(Material for the task begins)

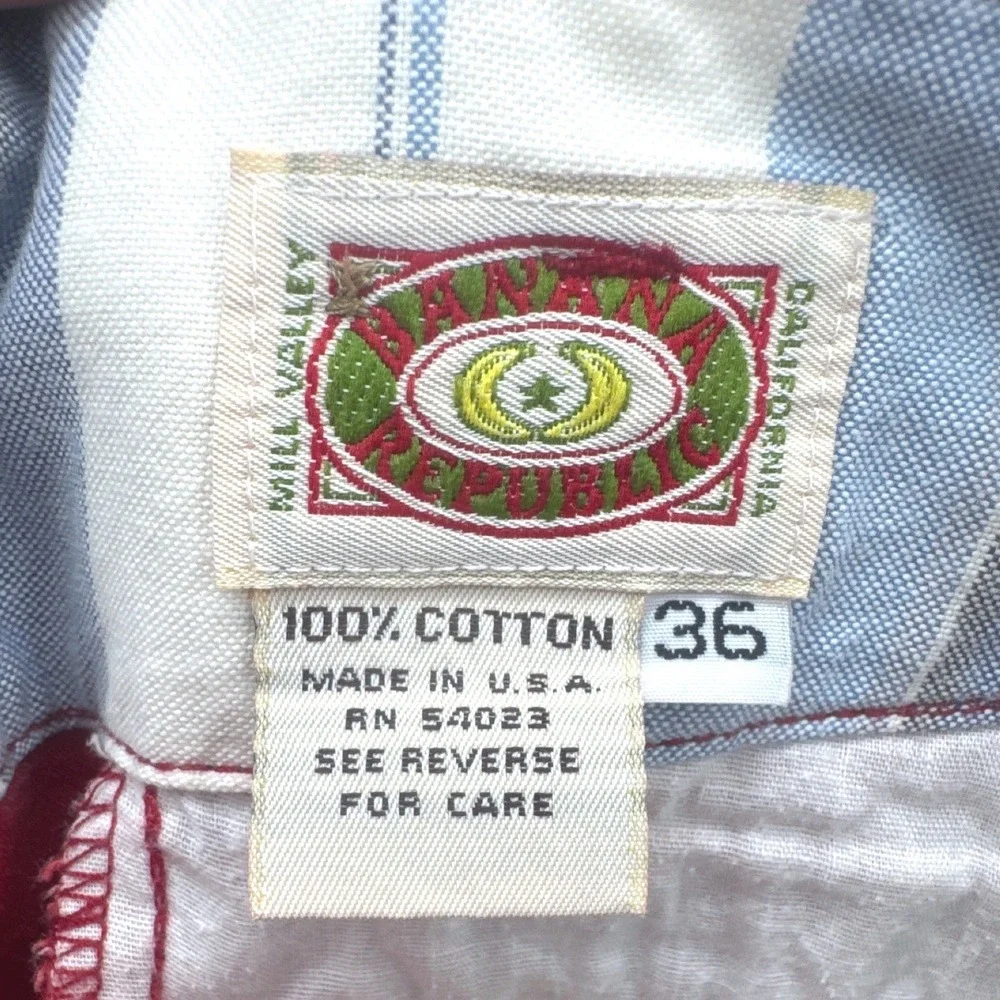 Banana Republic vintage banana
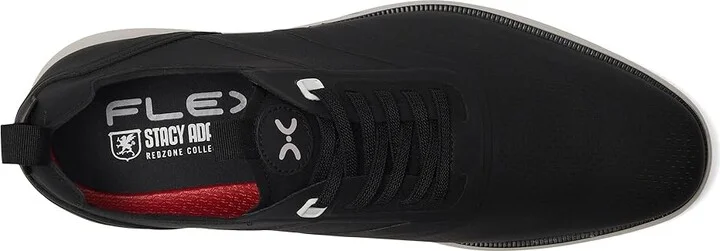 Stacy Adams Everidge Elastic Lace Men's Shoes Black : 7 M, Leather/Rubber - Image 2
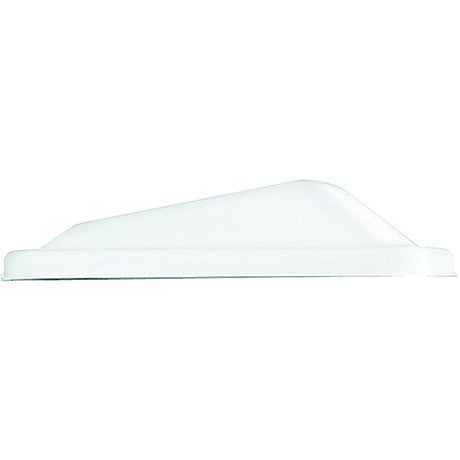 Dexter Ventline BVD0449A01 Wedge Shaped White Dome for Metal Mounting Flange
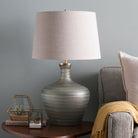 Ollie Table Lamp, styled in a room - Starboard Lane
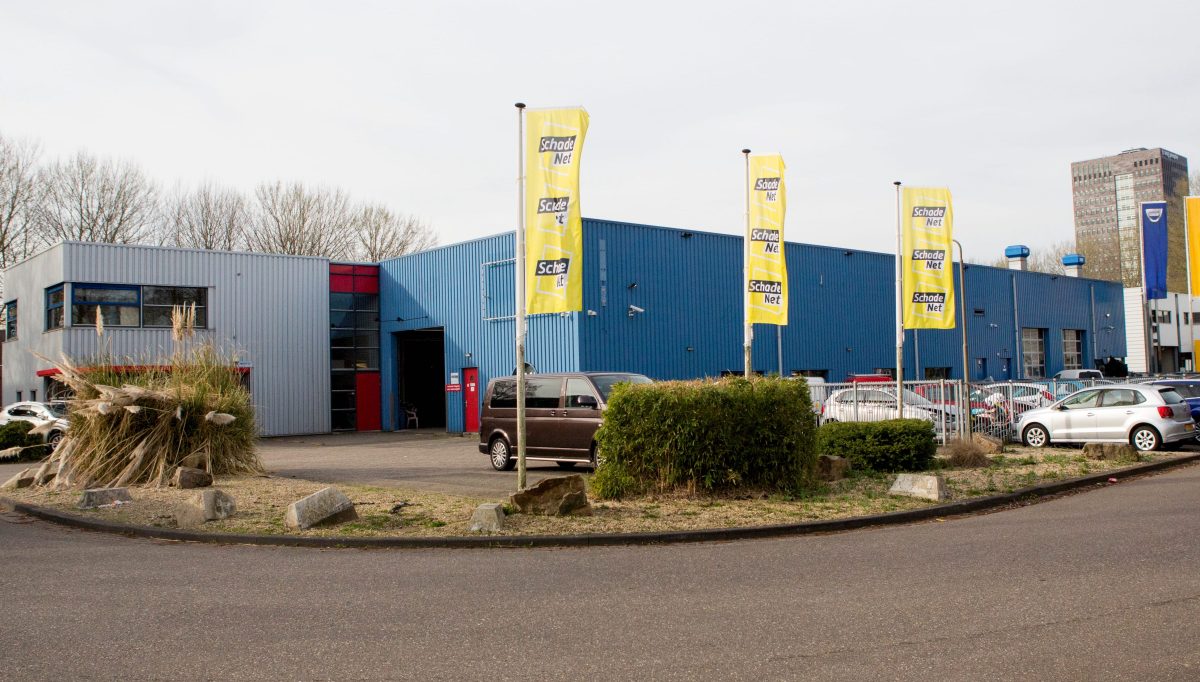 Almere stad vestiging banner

(Material for the task ends)
(Material for the task begins)

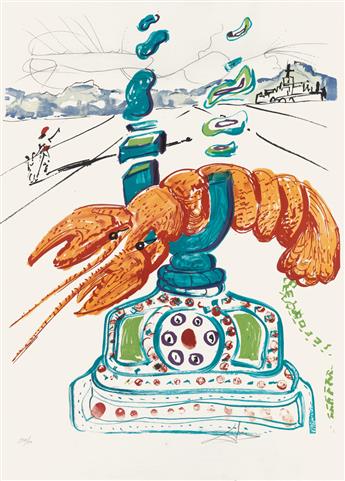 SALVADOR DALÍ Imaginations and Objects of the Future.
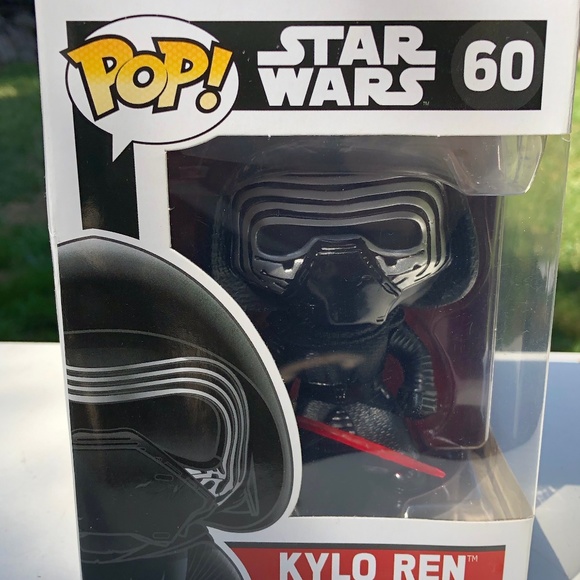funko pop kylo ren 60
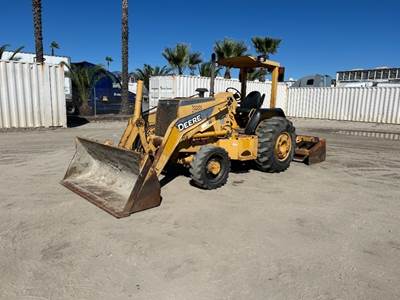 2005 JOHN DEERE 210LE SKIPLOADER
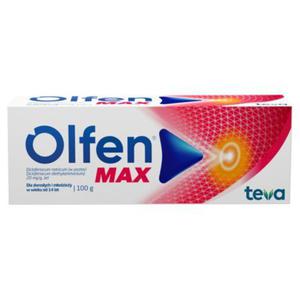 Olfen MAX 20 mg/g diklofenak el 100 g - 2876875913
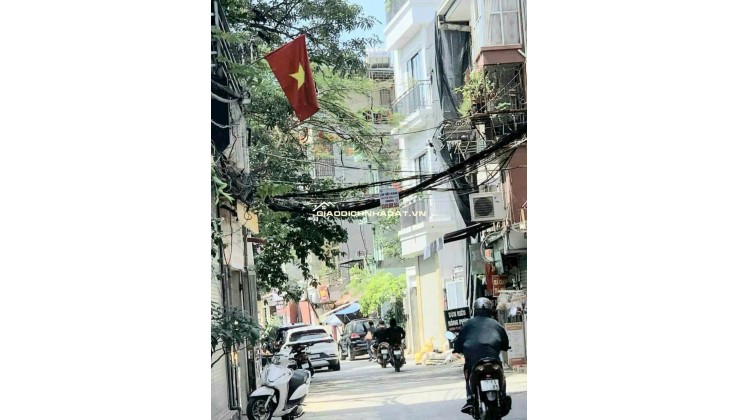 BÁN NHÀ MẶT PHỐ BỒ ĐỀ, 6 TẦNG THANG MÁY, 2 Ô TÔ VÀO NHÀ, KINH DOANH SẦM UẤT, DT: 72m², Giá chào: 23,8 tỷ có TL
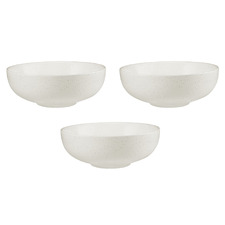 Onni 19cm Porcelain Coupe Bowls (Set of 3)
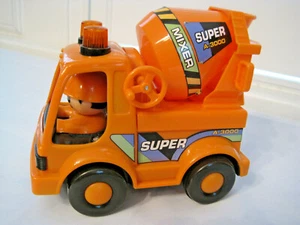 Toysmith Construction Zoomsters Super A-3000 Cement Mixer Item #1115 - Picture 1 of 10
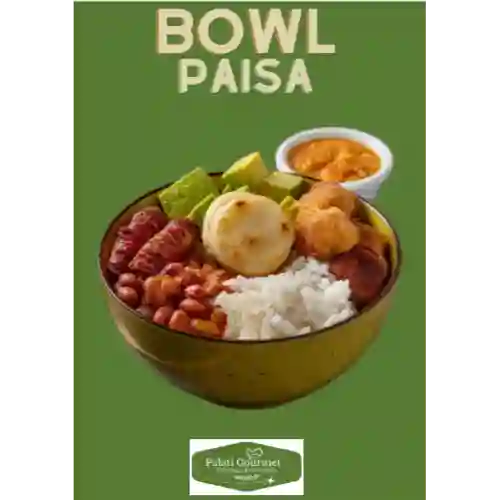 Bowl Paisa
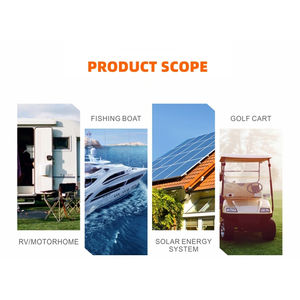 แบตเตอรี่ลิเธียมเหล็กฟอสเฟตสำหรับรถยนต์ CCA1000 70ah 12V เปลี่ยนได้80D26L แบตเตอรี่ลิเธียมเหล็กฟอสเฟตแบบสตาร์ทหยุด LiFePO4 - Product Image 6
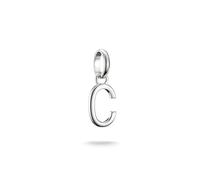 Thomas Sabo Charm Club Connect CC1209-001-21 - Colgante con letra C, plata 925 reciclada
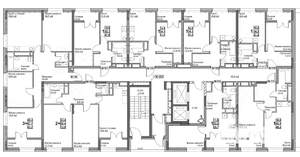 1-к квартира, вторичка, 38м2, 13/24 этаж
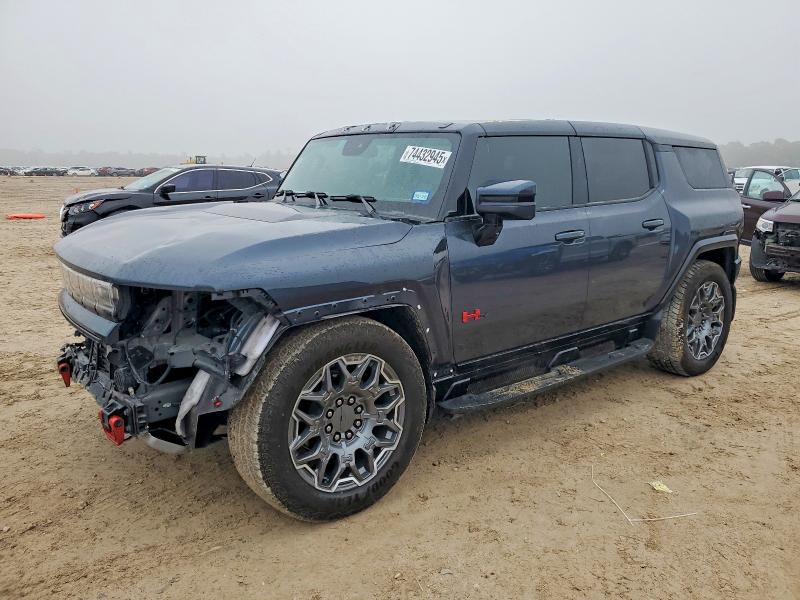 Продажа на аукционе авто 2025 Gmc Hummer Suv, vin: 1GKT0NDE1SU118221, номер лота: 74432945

(Material for the task ends)

■ Task item
In the records above, find the line with "2005 JOHN DEERE 210LE SKIPLOADER". Print exactly from there through the line with "Thomas Sabo Charm", minus the pictures.

■ Answer space
 2005 JOHN DEERE 210LE SKIPLOADER
 Olfen MAX 20 mg/g diklofenak el 100 g - 2876875913
 BÁN NHÀ MẶT PHỐ BỒ ĐỀ, 6 TẦNG THANG MÁY, 2 Ô TÔ VÀO NHÀ, KINH DOANH SẦM UẤT, DT: 72m², Giá chào: 23,8 tỷ có TL
 Onni 19cm Porcelain Coupe Bowls (Set of 3)
 Toysmith Construction Zoomsters Super A-3000 Cement Mixer Item #1115 - Picture 1 of 10
 Bowl Paisa
 แบตเตอรี่ลิเธียมเหล็กฟอสเฟตสำหรับรถยนต์ CCA1000 70ah 12V เปลี่ยนได้80D26L แบตเตอรี่ลิเธียมเหล็กฟอสเฟตแบบสตาร์ทหยุด LiFePO4 - Product Image 6
 Thomas Sabo Charm Club Connect CC1209-001-21 - Colgante con letra C, plata 925 reciclada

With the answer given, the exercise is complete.